BEGIN Available data
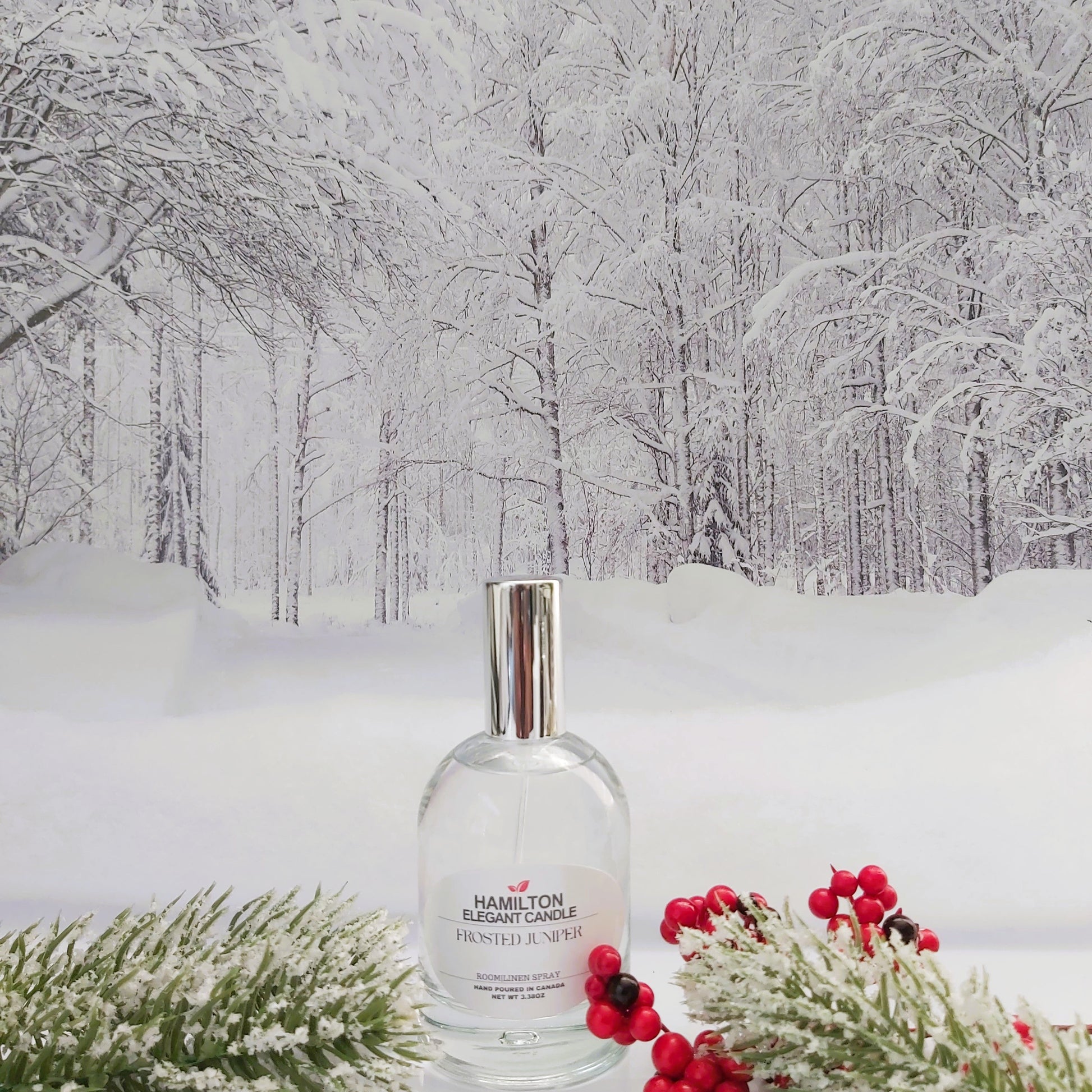 Clear bottle with silver cap on a snowy landscape with trees and red berries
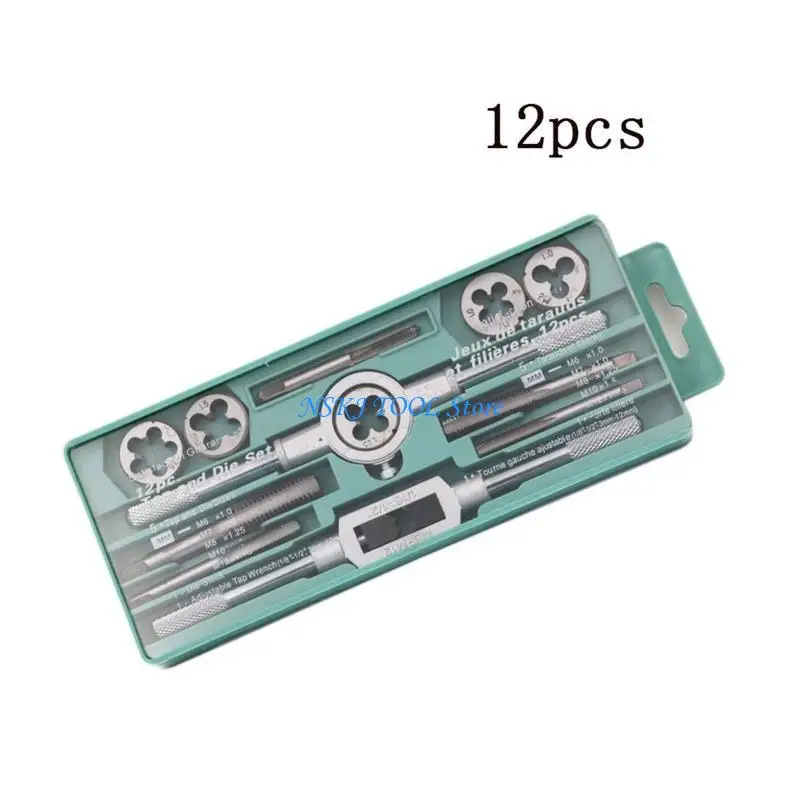 L8RC Upgraded Tap & Die Set Metric Standard Screw Nut Thread Taps Dies with Wrench Handle Hand Tool 12 Pcs/set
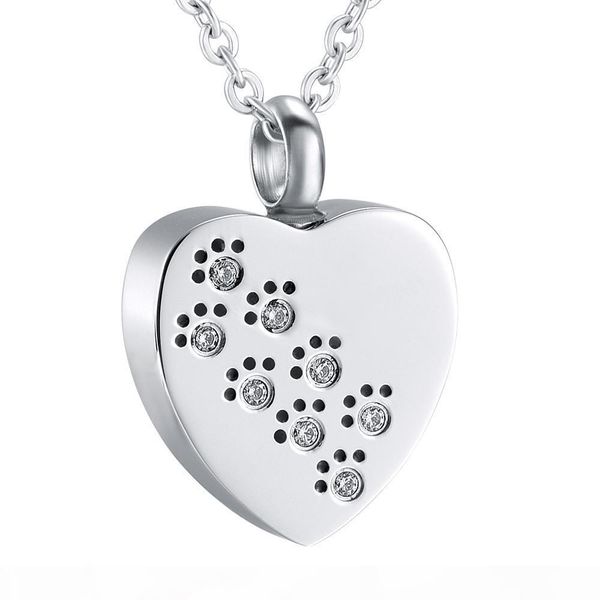

heart keepsake print with crystal in my heart pet cremation pendant dog urn necklace memorial ashes urn jewelry, Silver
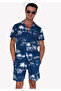 Blue Palm Tree Relaxed Fit Short Sleeve Loose Lapel Collar Summer Shirt Shorts Set - 4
END Available data
Task
Please return the full listing exactly as given, with the images left out.

Answer to the problem
 Clear bottle with silver cap on a snowy landscape with trees and red berries
 L8RC Upgraded Tap & Die Set Metric Standard Screw Nut Thread Taps Dies with Wrench Handle Hand Tool 12 Pcs/set

heart keepsake print with crystal in my heart pet cremation pendant dog urn necklace memorial ashes urn jewelry, Silver
 Blue Palm Tree Relaxed Fit Short Sleeve Loose Lapel Collar Summer Shirt Shorts Set - 4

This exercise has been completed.